Oh! And it's my birthday today, so everyone's invited! :Joker:Free beer for anyone who can make it.. :cheers: :greenpbl: :lmao:

#1. Father-Daughter moment, I first thought I missed this shot as the lady came half way into the picture. But I kind of like how it turned out at the end.







#2. The Cyclist: This kid stared at me for taking his picture, came up to me and asked me why i was photographing him. I told him I was a reporter, his answer was he wanted to be one too. And then he sat by my side and tried to understand how my camera functions and everything and even offered to accompany me to a street fair nearby. He was a very sharp kid. I just wish I hadn't chopped off the tyres.






#3. Jalebiwallah: These round sweets are called jalebis, and are very famous sweets in India. Not sure if they are made elsewhere. You can see they are being made fresh at the back (the old man).






#4. Child labour: Although Illegal, is blatantly ignored in India. It's unfortunate, but can't really be helped. I didn't get to talk to him, he looked very shy.






#5. The Welder: This man was welding these metal rods, sitting without any safety at a considerable height (at least 10 to 12 feet).






#6. The Student Hawker: Granted this isn't the best of shots(very dark, ISO 1600), I still really like this one. This kid is selling happiness to other kids, while merely surviving himself. He's selling those bubble maker toys at a local street fair. I had another good one of him, but I liked this one better for the bubbles. 

Later on I invited him to the jalebiwallah's shop (#3) and started chatting with him.

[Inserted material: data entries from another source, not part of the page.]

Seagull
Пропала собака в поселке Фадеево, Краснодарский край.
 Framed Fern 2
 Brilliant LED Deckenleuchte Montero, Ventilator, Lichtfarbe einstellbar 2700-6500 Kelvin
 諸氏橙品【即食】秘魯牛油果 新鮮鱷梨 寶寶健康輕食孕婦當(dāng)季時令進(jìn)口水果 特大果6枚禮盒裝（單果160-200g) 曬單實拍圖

He's 12 years old, goes to a govt. school in the morning and cycles 10 kms in the evening from his home to this place to sell these toys. I asked him about his parents, and he said his mother works as a maidservant and his father doesn't do much so he has to earn for the family. I know many such kids who are forced into manual labour while their father is busy being a drunk. Unfortunately, again not much that can be done about this; but at least the situation is improving in my state as compared to a few others.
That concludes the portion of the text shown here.